**Exercise requirements:**
Return the data below in full and exactly, except that the pictures are dropped.

**Listed entries:**
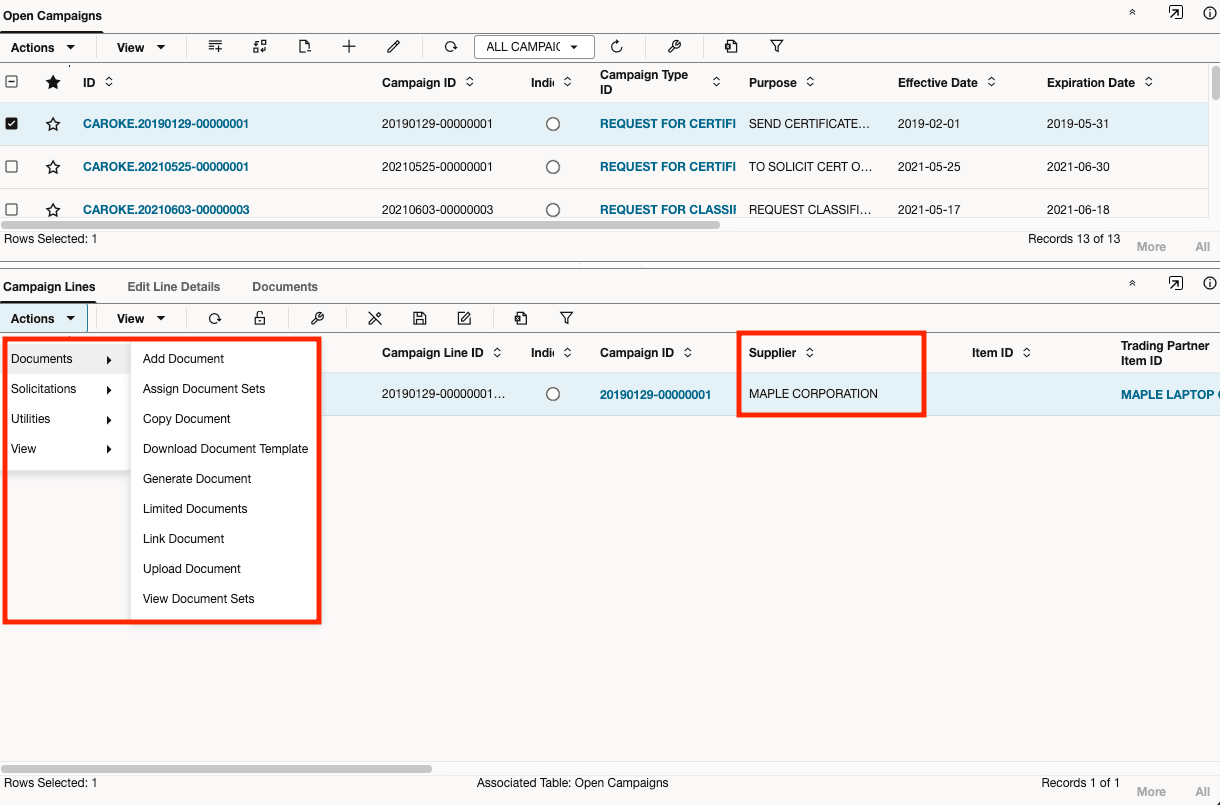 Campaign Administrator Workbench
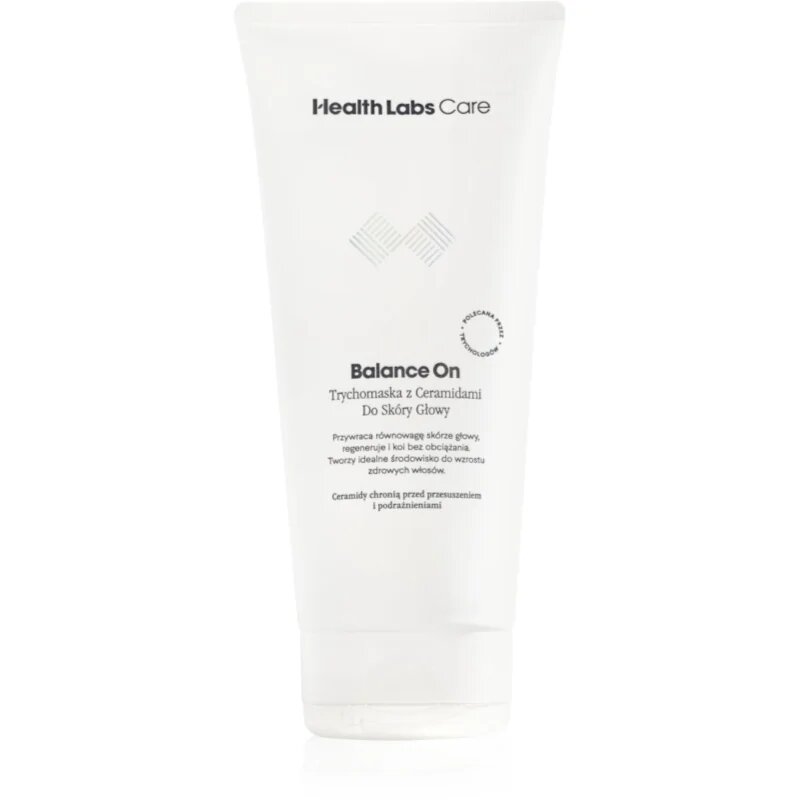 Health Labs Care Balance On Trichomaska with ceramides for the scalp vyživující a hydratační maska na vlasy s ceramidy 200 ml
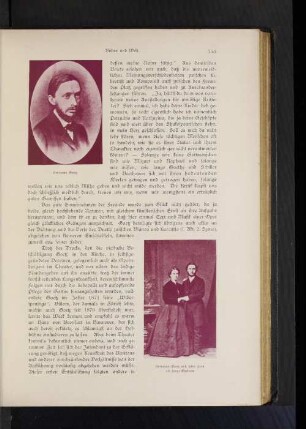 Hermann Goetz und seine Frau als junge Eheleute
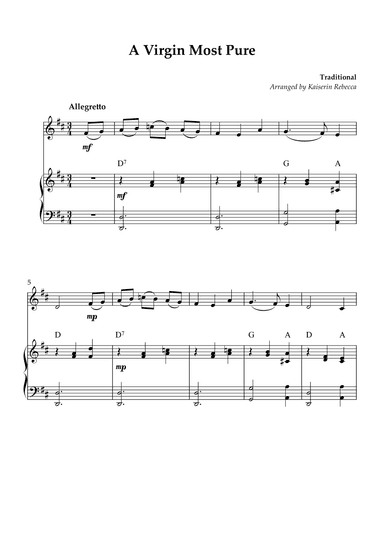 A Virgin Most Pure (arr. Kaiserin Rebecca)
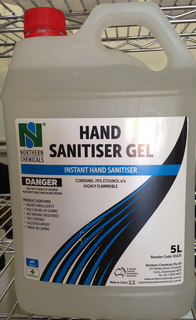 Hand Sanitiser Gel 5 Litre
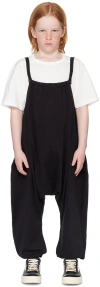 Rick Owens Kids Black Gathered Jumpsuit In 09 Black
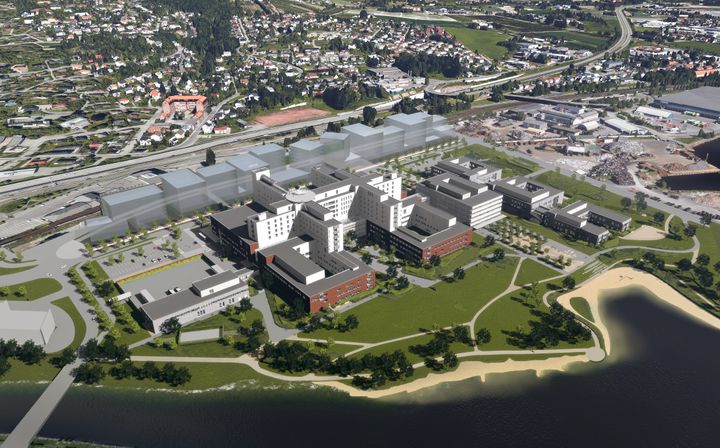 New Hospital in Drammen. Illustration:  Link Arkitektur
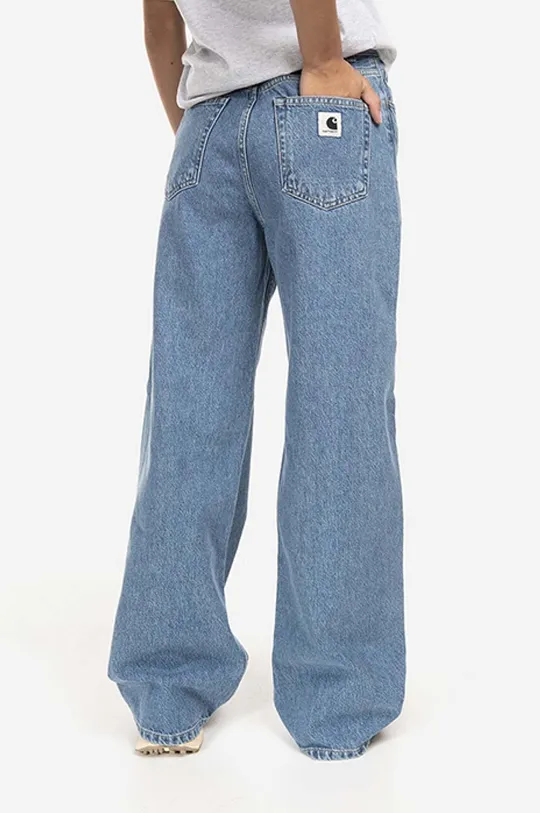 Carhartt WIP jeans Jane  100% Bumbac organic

**Answer:**
 Campaign Administrator Workbench
 Health Labs Care Balance On Trichomaska with ceramides for the scalp vyživující a hydratační maska na vlasy s ceramidy 200 ml
 Hermann Goetz und seine Frau als junge Eheleute
 A Virgin Most Pure (arr. Kaiserin Rebecca)
 Hand Sanitiser Gel 5 Litre
 Rick Owens Kids Black Gathered Jumpsuit In 09 Black
 New Hospital in Drammen. Illustration:  Link Arkitektur
 Carhartt WIP jeans Jane  100% Bumbac organic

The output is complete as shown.